[Excerpted data Boundary: Start]

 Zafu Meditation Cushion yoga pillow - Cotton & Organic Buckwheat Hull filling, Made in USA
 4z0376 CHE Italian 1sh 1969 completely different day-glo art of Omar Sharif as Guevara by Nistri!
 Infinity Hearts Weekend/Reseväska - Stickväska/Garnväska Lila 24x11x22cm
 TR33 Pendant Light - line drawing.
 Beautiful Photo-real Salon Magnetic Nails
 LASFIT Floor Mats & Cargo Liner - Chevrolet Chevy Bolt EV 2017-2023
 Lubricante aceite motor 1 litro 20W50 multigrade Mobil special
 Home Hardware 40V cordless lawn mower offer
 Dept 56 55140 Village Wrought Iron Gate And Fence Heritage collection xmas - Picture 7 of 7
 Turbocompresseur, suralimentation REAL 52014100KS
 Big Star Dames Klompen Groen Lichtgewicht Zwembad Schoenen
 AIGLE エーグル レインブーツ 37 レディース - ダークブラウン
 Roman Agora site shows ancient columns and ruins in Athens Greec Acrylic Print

[Excerpted data Boundary: End]

▶ **Task statement**: Starting from the line that contains "4z0376 CHE Italian", give again every line to the last line of the data, exactly. Include nothing else.

▶ **Task output**:
 4z0376 CHE Italian 1sh 1969 completely different day-glo art of Omar Sharif as Guevara by Nistri!
 Infinity Hearts Weekend/Reseväska - Stickväska/Garnväska Lila 24x11x22cm
 TR33 Pendant Light - line drawing.
 Beautiful Photo-real Salon Magnetic Nails
 LASFIT Floor Mats & Cargo Liner - Chevrolet Chevy Bolt EV 2017-2023
 Lubricante aceite motor 1 litro 20W50 multigrade Mobil special
 Home Hardware 40V cordless lawn mower offer
 Dept 56 55140 Village Wrought Iron Gate And Fence Heritage collection xmas - Picture 7 of 7
 Turbocompresseur, suralimentation REAL 52014100KS
 Big Star Dames Klompen Groen Lichtgewicht Zwembad Schoenen
 AIGLE エーグル レインブーツ 37 レディース - ダークブラウン
 Roman Agora site shows ancient columns and ruins in Athens Greec Acrylic Print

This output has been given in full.